Tuesday, 19 June 2012

The Wanderer

Excerpt from Guy Debord's 'Detournement'

I’ve just finished reading ‘Psychogeography’ by Merlin Coverley, which is a short book that offers an explanation and definition of this widely used term, and an analysis of the key figures and their work. Generally regarded as a literary tradition, whose origins here are traced back to the visionary writing of William Blake and Thomas de Quincey in London to the rise of the flaneur on the streets of nineteenth century Paris to the avant-garde practices of the Surrealists and the post-war Situationist movement as headed by Guy Debord. Today the term and ideas associated with it seems more popular than ever with the work of writers and filmmakers such as Peter Ackroyd and Iain Sinclair, Stewart Home and Patrick Keiller. 

Still from Patrick Keiller's 'London', 1994

From activities such as urban wandering to the armchair traveller, from the derive to detournement, psychogeography aims to provide us with new ways of apprehending our environment and surroundings, and transform the familiar streets into something new and unexpected (yes, most of these words are lifted from the book jacket: I’m just trying to introduce it with some sort of comprehension!).

 Guy Debord (left) and The Situationists

I thought I would enjoy exploring these ideas more than I actually did in the end, thinking it may offer me some frames of reference for my ‘edgelands’ work around the landscape. Plenty of the ideas discussed in the book are indeed latent in my work, and I feel my current motorway work has a more psychological edge, but on reading this book I realize it doesn’t come from being motivated in seeking these things out, more from the process of making things and letting things step out of the shadows to reveal themselves. My first motivation for making things still lies with an interest in the surface appearance and problems of depiction. These things are mysterious enough, and seem to get even more so when one spends a long time painting or drawing them.

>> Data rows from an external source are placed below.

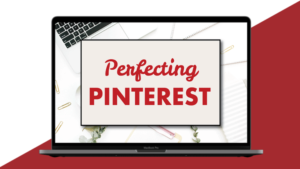 Perfecting Pinterest Course
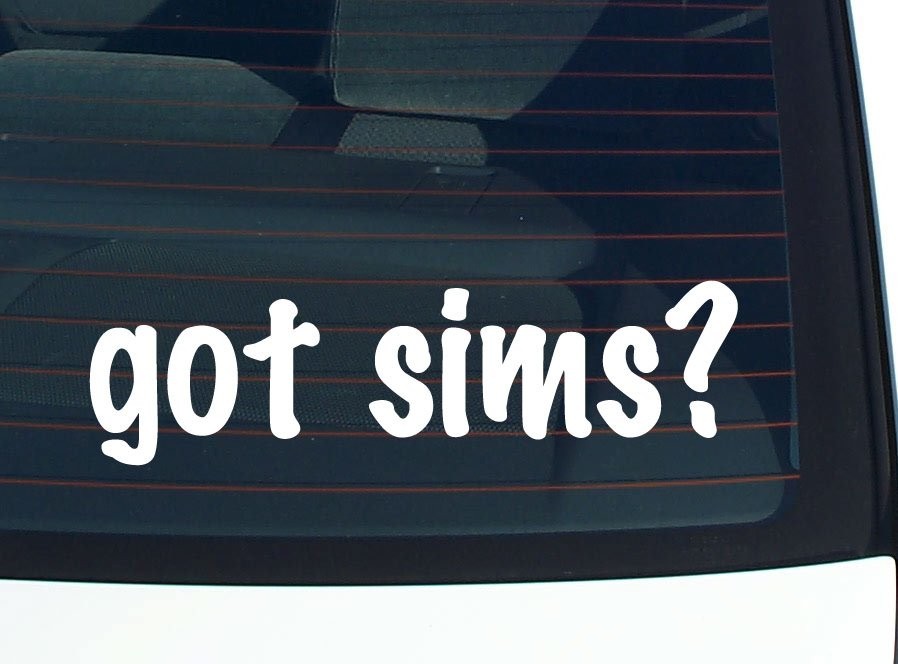 Got Sims? Funny Last Name Car Decal Bumper Sticker Vinyl Window Pride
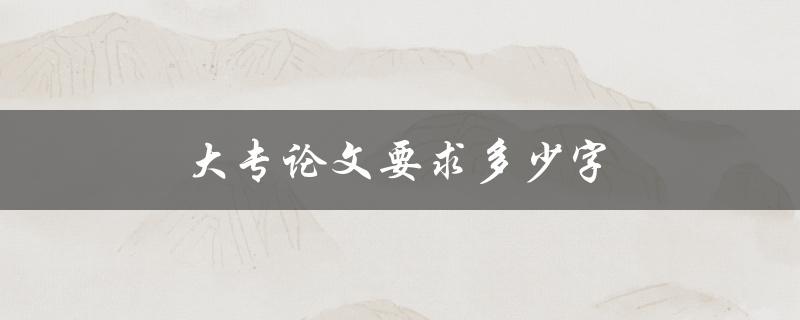 大专论文要求多少字(字数范围及注意事项)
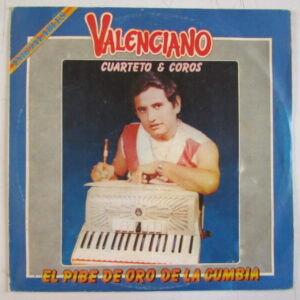 VALENCIANO "EL PIBE DE ORO DE LA CUMBIA" CUMBIA FROM PERU LP HEAR ♫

 JG Ballard 'The Seer of Shepperton'

Still, there were more explicit parallels to be found with my interests that I did find in writers such as JG Ballard, who in the 1970’s in controversial and experimental books such as ‘The Atrocity Exhibition’, ‘Crash’,‘High Rise’, and ‘The Concrete Island’ explored the pleasures and nightmares to be found in the hinterlands outside of the city of Debord et al in the motorways and retail parks of our urban landscape. These are the edgelands that interest me so I’m certainly going to try and read these. Psychgeography today also seems to be alert to the increasing banalisation of our urban environment which is something I’m very interested in, and I think my current still lives are a slightly fumbled response to this now that I’ve decided to ‘own’ these pieces more firmly.

 Patrick Keiller

I’m also keen now  to try and seek out the films of Patrick Keiller. ‘London’ and ‘Robinson In Space’ are apparently an exploration of the wastelands created in UK by the Thatcherite policies of the eighties, which leads me back to those retail parks and the post-industrial Midlands landscape I feel buried inside.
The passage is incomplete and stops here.